- Supplied material:

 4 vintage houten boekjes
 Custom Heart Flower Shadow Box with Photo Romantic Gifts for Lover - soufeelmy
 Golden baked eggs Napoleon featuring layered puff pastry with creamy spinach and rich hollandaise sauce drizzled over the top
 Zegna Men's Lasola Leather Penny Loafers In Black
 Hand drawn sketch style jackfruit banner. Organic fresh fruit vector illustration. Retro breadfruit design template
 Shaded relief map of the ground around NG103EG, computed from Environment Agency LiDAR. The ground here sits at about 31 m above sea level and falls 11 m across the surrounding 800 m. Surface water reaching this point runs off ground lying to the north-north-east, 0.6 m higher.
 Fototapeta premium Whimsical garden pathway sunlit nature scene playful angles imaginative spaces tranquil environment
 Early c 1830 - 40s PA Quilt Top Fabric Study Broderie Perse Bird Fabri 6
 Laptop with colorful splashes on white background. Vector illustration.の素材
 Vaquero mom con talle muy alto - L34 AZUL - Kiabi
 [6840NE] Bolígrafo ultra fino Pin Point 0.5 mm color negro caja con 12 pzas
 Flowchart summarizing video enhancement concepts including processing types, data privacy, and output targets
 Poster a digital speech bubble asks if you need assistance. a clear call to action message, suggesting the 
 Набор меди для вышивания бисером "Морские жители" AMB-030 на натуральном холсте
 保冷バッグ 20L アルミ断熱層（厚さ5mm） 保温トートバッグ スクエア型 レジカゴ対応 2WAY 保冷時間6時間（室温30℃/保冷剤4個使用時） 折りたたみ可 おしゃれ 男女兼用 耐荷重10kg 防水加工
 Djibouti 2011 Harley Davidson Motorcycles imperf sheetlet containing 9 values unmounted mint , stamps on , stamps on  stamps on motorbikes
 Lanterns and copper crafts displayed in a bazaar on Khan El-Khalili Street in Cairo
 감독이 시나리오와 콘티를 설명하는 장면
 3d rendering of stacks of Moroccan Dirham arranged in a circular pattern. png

- Exercise brief:
Return, exactly as they stand, the lines from the start of the records above through the line with "Hand drawn sketch", both ends included, and no other lines.

- Written answer:
 4 vintage houten boekjes
 Custom Heart Flower Shadow Box with Photo Romantic Gifts for Lover - soufeelmy
 Golden baked eggs Napoleon featuring layered puff pastry with creamy spinach and rich hollandaise sauce drizzled over the top
 Zegna Men's Lasola Leather Penny Loafers In Black
 Hand drawn sketch style jackfruit banner. Organic fresh fruit vector illustration. Retro breadfruit design template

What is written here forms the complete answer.